Retour aux sources :
Après deux hivers sans grand voyage Alpin, cette année je suis bien décidé à prendre un ticket. Les yeux fixés sur le petit écran que l’on appelle smart phone, qui en un mouvement de pouce vous donne un bulletin météo à 15 jours !
Nous sommes début Mars et toujours pas de fenêtre de beau. Au lendemain de notre stage d’aspirant guide, avec un terrible mal aux cheveux quelque chose semble se dessiner… Lundi les mots de Yan (notre routeur à Météo France) sont clairs : « là il faut y aller les gars !!! ». Mes bronches et ma gorge me rappellent que j’ai trainé trop tard et trop légèrement vêtu sous la neige ce week-end. Tant pis, 7 jours de beau, ça ne se refuse pas !
Pierre Labbre et Max Bonniot sont très motivés. Tentés par une aventure au long cours nous nous orientons vers l’une des plus célèbres parois des Alpes : La face Nord de l’Eiger. Sa voie Harlin qui raye la face telle un fil à plomb depuis le sommet nous attire. Elle n’a été parcourue en hiver qu’une seule fois en style Alpin et sans sa sortie originale ou très peu d’infos sons disponibles. En tant que perfectionnistes à l’égo bien développé nous souhaitons bien sûr la grimper dans son intégralité.
Deux jours pour préparer 47 longueurs d’escalade. Nourriture, coinceurs et doudounes pour 7 jours en paroi sont pesés puis entassés dans nos deux gros sacs de hissage. Mercredi 9 Mars, nos affaires sont au pied de la voie et nous bivouaquons à la station Eigergletscher. Dans la nuit après une petite journée de portage dans cette air sec d’hiver ma toux s’accentue. Je ne dors pas bien et gêne les autres par la même occasion. Chacun dans sa tête se demande si c’est une bonne idée de partir. Je ne suis pas en grande forme et il y a 70 cm de poudreuse dans la face. Le réveil coupe court à nos interrogations. Le rituel du lever prend le dessus : réchaud, thermos, céréales puis sac sur le dos.
Le début n’est finalement pas en si mauvaise condition. Nous alternons entre longueurs raides où nous hissons les sacs et longueurs plus classiques où nous les portons. Je ne sais pas laquelle des deux versions est la moins fatigante finalement.

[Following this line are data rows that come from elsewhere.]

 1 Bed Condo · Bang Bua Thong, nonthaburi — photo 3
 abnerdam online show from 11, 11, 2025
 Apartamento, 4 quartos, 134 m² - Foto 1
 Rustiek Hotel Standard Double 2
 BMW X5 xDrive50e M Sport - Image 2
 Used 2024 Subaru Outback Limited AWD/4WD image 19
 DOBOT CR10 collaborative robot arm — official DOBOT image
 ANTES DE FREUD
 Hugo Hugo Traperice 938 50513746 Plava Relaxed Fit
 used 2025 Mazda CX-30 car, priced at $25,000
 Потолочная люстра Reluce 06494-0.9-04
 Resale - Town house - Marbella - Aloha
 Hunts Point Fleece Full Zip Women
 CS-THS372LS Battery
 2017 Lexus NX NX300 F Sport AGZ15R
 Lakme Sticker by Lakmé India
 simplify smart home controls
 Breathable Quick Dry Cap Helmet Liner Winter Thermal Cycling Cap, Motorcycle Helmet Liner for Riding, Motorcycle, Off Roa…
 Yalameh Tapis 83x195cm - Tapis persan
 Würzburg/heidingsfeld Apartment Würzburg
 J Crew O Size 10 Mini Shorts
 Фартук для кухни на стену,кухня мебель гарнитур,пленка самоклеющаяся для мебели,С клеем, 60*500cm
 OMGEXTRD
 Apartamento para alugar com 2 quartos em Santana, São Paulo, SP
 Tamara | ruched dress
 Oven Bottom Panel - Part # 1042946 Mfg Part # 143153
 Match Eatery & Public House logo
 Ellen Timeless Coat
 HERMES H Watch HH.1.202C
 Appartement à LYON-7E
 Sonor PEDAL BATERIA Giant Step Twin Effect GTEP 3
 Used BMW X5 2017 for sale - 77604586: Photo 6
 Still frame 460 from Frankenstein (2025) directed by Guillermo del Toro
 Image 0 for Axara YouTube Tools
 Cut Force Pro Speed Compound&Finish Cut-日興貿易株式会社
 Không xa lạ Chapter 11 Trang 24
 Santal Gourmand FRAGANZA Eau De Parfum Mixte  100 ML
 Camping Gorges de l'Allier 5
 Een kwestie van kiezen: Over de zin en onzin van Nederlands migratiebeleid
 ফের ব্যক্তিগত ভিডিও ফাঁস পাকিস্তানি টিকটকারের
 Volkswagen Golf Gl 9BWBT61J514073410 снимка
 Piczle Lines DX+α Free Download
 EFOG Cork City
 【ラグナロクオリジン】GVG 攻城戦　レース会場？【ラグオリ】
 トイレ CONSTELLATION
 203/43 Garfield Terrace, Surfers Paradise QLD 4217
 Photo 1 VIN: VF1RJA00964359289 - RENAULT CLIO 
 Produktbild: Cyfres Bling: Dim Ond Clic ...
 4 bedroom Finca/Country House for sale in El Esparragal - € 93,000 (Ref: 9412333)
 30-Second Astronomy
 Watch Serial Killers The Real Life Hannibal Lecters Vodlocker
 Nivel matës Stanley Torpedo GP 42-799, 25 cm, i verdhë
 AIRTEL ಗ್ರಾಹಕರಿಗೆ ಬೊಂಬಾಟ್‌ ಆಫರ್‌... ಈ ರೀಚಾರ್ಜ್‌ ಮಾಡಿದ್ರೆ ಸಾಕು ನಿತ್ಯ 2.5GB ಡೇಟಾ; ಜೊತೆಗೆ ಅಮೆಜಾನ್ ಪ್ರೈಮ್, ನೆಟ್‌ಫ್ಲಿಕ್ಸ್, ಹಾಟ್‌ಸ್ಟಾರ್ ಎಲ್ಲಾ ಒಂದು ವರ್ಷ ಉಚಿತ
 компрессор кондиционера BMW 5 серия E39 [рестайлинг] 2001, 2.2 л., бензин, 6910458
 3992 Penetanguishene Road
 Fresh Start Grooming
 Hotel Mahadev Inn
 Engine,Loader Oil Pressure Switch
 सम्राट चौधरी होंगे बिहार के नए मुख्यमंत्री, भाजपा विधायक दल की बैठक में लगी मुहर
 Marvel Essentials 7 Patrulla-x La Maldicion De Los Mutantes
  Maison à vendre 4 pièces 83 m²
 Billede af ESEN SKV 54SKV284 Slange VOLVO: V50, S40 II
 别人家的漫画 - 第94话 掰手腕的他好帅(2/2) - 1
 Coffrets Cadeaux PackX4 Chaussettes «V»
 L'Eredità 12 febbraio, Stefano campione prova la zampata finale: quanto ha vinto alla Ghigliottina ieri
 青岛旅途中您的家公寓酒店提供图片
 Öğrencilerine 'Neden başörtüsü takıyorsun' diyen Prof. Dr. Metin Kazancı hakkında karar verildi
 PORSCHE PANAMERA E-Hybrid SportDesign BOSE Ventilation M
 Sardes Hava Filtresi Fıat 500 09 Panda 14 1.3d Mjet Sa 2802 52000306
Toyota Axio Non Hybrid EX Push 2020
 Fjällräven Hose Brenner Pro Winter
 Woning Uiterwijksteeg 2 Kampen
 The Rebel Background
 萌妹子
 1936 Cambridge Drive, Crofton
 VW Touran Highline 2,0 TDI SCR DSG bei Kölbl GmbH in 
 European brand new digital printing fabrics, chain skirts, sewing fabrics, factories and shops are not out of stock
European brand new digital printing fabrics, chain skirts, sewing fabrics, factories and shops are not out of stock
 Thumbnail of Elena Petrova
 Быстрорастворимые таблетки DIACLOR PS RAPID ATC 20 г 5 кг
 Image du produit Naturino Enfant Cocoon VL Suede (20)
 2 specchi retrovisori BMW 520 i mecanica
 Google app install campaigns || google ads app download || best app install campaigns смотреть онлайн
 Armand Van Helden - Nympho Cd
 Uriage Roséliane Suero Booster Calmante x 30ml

Le premier bivouac est très confortable. Mais vers 20h de petites coulées de neige descendent de la face, nous trempant le duvet. Pierre perce aussi son matelas. Pour lui une belle semaine à dormir sur les cordes se dessine…
En hiver pour un projet pareil on en revient à l’essentiel : passer longueurs après longueurs sans se faire mal. On ne se préoccupe plus du style. Tout est bon pour se hisser plus haut. Nous grimpons tantôt avec les piolets, tantôt avec les mains. Quand un piton est là nous nous y agrippons. Parfois il n’y rien en place et il faut s’engager fortement dans ce rocher friable. On retrouve le sens originel de l’alpinisme : aller au sommet.
Au fil des jours nous trouvons notre rythme. Nous nous relayons et trouvons nos automatismes. Fixer la corde, assurer et hisser les sacs sont notre quotidien. Seuls mes quintes de toux et ma voie qui déraille nous gênent dans notre exercice.
Au quatrième jour nous rejoignons la jonction avec la voie classique. Nous avons pris de l’avance. Il nous reste 2 bivouacs dans le sac et la météo semble vouloir tenir encore un peu. Il est quatorze heure tout va bien. Nous voulons tenter de résoudre l’énigme de la sortie originale. Seul un tracé sur une photo nous indique la direction. Jusqu’ici quelques spits et pitons nous guidaient. Mais après deux longueurs nous ne trouvons plus rien. Pressés par la nuit qui arrive Pierre cherche frénétiquement le chemin. Il s’acharne avec fureur dans un rayon de 100 m, enchainant escalade, traversée et descente dans un rocher offrant très peu de protections.
Le soleil se couche, les frontales sont déjà sur les casques. Il n’y a aucun emplacement pour dormir dans les environs. Il faut se résoudre à descendre un peu pour trouver une petite terrasse. Nous passerons cette quatrième nuit assis. Il ne nous reste qu’une journée de beau temps. Nous sommes bien crevés. Il faut se résigner à sortir comme nos prédécesseurs par la voie classique.
Ce réveil fut plus difficile, nos gestes sont maladroits et nous laissons échapper dans le vide un casque… Les conditions à près de 4000m sont bien différentes. La glace a laissé place à une neige pulvérulente. Des longueurs habituellement débonnaires requièrent toute notre attention pour grimper avec tout notre barda. Enfin en début d’après midi la pente se couche pour laisser place à la magnifique arête sommitale. Nos pieds en équilibre sur le fil au milieu de volutes de neige nous amènent au sommet. Enfin la récompense ! Une semaine passée sans autre cordée dans la paroi, sans autre trace, guidé par une seule photo et quelques bout de ferrailles et les aspérités de la roche.
Epuisé et toussant plus que jamais je n’ai qu’une image en tête : celle de l’aventure de l’alpinisme primaire, une sorte de retour aux sources.